One of its victims in 2015 was the Democratic National Committee. But unlike a rival Russian spy agency, the GRU, which also hacked the DNC, it did not leak the stolen material. In 2016, the GRU military spy agency leaked hacked emails to the online anti-secrecy organization WikiLeaks in an operation that disrupted the Democrats’ national convention in the midst of the presidential campaign.

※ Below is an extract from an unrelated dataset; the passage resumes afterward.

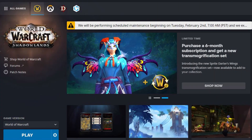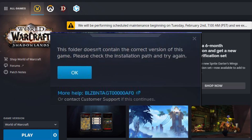Hello folks and welcome back to another Wizegamer video. In today's video we're going to be going over a little bit of tech talk — but it's not too techy. Ever since the release of Shadowlands I've gotten this pop-up that comes up every time I open up the Battle.net launcher. The warning is: 'This folder doesn't contain the correct version of this game. Please check the installation path and try again.'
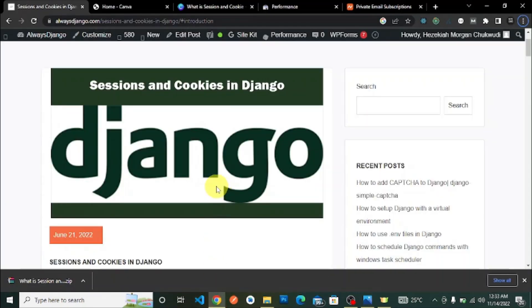In this playlist we go in depth about what sessions and cookies are in Django — how to set them, delete them, update cookies, test cookies, and use sessions in Django generally. Subscribe and turn on notifications so that any time I release new videos about sessions and cookies, or other Django topics, you will get informed.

The SVR, by contrast, generally steals information for traditional espionage purposes, seeking secrets that might help the Kremlin understand the plans and motives of politicians and policymakers. Its operators also have filched industrial data and hacked foreign ministries.
Because the Obama administration saw the APT29 operation as traditional espionage, it did not consider taking punitive measures, said Daniel, who is now president and chief executive of the Cyber Threat Alliance, an information-sharing group for cybersecurity companies.
“It was information collection, which is what nation states — including the United States — do,” he said. “From our perspective, it was more important to focus on shoring up defenses.”
But Chris Painter, State Department cyber coordinator in the Obama administration, said even if the Russian campaign is strictly about espionage and there’s no norm against spying, if the scope is broad there should be consequences. “We just don’t have to sit still for it and say ‘good job,’ ” he said.
Sanctions might be one answer, especially if done in concert with allies who were similarly affected, he said. “The problem is there’s not even been condemnation from the top. President Trump hasn’t wanted to say anything bad to Russia, which only encourages them to act irresponsibly across a wide range of activities.”
At the very least, he said, “you’d want to make clear to [Russian President Vladimir] Putin that this is unacceptable — the scope is unacceptable.”
So far there is no sign that the current campaign is being waged for purposes of leaking information, or for disruption of critical infrastructure, such as electric grids.
But the scope of the breaches is likely to be significant. The SolarWinds tool monitors a client’s network for performance, identifying problems like failing switches. It has extremely deep “administrative” access to a network’s core functions, which means that gaining access to the SolarWinds tool would allow the Russians were to freely root around victims’ systems.
APT29 compromised the SolarWinds server that sends updates so that any time a customer checks in to request an update, the Russians could hitch a ride on that update to get into a victim’s system, according to a person familiar with the matter.
“Monday may be a bad day for lots of security teams,” tweeted Dmitri Alperovitch, a cybersecurity expert and founder of the Silverado Policy Accelerator think tank.
Joseph Marks contributed to this report.